Women in finance: a summary of findings

Our research has revealed that there is a need for small and medium-sized financial services firms to look at gender diversity in the overall executive team. This research focused on one function, the CFO, however other mandates that we have executed demonstrates that there continues to exist a large disparity of females to males in the top jobs within financial services.
Attraction, hiring and retention programmes within firms should be considered. While we would always advocate for the best person for the role, consideration needs to be taken to the benefits of a diverse team. As vacancies arise, firms should continue to look for the very best candidate in their hiring practices, whilst considering what workforce planning initiatives could coincide to increase the number of women in finance within the top rungs.

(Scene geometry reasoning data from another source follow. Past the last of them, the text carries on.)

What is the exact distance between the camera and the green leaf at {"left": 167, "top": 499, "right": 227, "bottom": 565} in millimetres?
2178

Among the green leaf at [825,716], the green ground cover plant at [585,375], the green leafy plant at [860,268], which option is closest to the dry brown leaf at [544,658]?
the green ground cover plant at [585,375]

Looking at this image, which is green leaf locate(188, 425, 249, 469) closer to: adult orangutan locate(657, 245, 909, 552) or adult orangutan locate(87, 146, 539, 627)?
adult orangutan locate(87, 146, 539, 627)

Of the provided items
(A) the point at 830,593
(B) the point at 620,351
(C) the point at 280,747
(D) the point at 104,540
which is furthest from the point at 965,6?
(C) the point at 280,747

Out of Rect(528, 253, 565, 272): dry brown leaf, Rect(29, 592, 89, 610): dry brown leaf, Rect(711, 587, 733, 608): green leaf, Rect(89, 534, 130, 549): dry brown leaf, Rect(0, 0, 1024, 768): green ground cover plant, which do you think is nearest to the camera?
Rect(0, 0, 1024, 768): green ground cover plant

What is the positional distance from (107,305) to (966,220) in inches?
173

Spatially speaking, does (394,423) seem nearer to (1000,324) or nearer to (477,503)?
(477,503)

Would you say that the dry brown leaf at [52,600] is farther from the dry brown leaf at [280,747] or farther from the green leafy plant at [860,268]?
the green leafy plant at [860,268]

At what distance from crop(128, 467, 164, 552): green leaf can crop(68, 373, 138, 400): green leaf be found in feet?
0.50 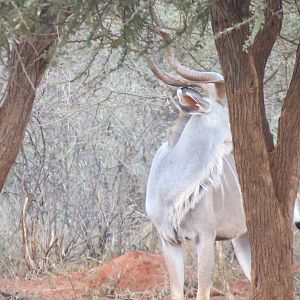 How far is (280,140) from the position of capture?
5617 mm

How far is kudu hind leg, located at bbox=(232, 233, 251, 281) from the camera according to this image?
8.04 m

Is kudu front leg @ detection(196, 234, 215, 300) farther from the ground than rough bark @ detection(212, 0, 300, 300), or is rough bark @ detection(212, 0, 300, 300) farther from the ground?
rough bark @ detection(212, 0, 300, 300)

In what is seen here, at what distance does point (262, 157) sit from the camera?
5527 mm

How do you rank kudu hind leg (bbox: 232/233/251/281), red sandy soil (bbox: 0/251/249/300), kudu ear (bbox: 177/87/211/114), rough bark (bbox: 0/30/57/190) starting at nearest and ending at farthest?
1. rough bark (bbox: 0/30/57/190)
2. kudu ear (bbox: 177/87/211/114)
3. kudu hind leg (bbox: 232/233/251/281)
4. red sandy soil (bbox: 0/251/249/300)

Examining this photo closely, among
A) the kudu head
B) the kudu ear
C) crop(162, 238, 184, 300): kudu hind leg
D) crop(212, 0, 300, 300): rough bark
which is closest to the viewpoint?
crop(212, 0, 300, 300): rough bark

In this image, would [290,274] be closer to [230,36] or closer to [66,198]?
[230,36]

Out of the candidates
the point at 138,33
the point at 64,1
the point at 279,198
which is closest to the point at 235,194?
the point at 279,198

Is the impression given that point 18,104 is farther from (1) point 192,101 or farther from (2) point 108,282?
(2) point 108,282

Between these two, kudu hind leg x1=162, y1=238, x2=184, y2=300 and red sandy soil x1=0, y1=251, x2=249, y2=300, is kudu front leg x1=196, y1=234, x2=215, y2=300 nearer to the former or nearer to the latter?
kudu hind leg x1=162, y1=238, x2=184, y2=300

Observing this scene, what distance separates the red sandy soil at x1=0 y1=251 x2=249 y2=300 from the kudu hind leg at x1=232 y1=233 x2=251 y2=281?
67 centimetres

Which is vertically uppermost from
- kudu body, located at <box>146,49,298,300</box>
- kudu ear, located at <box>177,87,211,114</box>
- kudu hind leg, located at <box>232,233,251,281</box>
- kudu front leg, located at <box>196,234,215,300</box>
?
kudu ear, located at <box>177,87,211,114</box>

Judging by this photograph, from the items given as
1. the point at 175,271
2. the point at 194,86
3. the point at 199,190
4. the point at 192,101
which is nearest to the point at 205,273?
the point at 175,271

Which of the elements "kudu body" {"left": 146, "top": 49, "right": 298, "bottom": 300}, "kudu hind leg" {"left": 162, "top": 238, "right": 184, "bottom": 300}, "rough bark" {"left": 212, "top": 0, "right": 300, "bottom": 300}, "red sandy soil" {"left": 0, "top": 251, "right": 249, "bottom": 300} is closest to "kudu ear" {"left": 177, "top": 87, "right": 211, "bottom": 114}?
"kudu body" {"left": 146, "top": 49, "right": 298, "bottom": 300}

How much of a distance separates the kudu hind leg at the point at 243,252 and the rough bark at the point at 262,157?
2.30 m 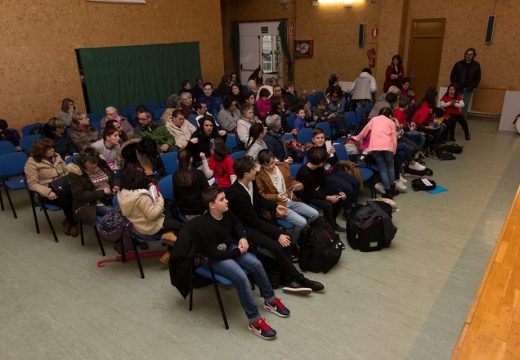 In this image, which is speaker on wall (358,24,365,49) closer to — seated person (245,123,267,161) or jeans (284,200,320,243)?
seated person (245,123,267,161)

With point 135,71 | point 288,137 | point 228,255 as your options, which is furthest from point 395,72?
point 228,255

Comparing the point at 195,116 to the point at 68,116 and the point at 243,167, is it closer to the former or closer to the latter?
the point at 68,116

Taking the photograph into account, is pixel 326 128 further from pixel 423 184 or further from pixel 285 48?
pixel 285 48

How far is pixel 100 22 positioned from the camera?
25.9 ft

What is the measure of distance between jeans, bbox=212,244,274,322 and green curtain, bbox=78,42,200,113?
622 centimetres

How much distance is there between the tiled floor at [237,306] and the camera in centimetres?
302

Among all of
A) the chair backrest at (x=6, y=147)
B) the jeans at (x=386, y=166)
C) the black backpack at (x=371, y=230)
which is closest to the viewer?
the black backpack at (x=371, y=230)

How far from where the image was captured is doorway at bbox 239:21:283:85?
1265 cm

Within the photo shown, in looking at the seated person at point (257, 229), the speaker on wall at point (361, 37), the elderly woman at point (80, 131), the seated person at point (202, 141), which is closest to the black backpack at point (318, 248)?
the seated person at point (257, 229)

Another approach could include a soft skills audit of the executive team, looking at those areas that are lacking and resulting in a more bespoke approach to hiring. As individuals bring different strengths, this can have a positive impact on an organisation’s performance plus will ensure that the wider leadership team has a more complete and holistic skill set to provide a diverse, strategic and insightful direction to the firm.
Return to work schemes for women or men who take a break to raise a family and wish to return should be fair and seamless. Comprehensive benefits schemes that provide flexible working and flexible benefits (where an individual can use a cash equivalent towards the cost of childcare) would help offset the challenges of both raising a family and pursuing a career. As employees each have different priorities, a flexible approach offers each employee an allowance to ‘purchase’ benefits from a selection or take the cash equivalent.

Unconscious bias is an additional consideration. In our experience, businesses want to embrace a fair playing field where everyone regardless of gender, race, religion or sexuality, is equally considered for opportunities. Unfortunately, hiring in one’s mirror image continues to be a prevalent, even if not a deliberate, action. Firms need to take steps to reduce opportunities for unconscious bias within hiring.

Following last year’s initial publishing of the Gender Pay Gap, firms will again be required to publish their figures, demonstrating if they have made any progress in closing the gap. The issue overall is not about pay inequality as generally, men and women are being paid the same for doing the same role, especially in professional occupations. The real issue is about the apparent pyramid within firms – there are more women at the bottom and fewer at the top. To help close the gap, we need to get more women developing their skills throughout their careers and moving into leadership roles where pay is generally higher, thereby closing the gap between the average male to female salaries within the firm.

In summary, there is an increased awareness and willingness for firms to close the gap in gender inequality. This is a positive step and one which over time should result in marked improvements within the industry.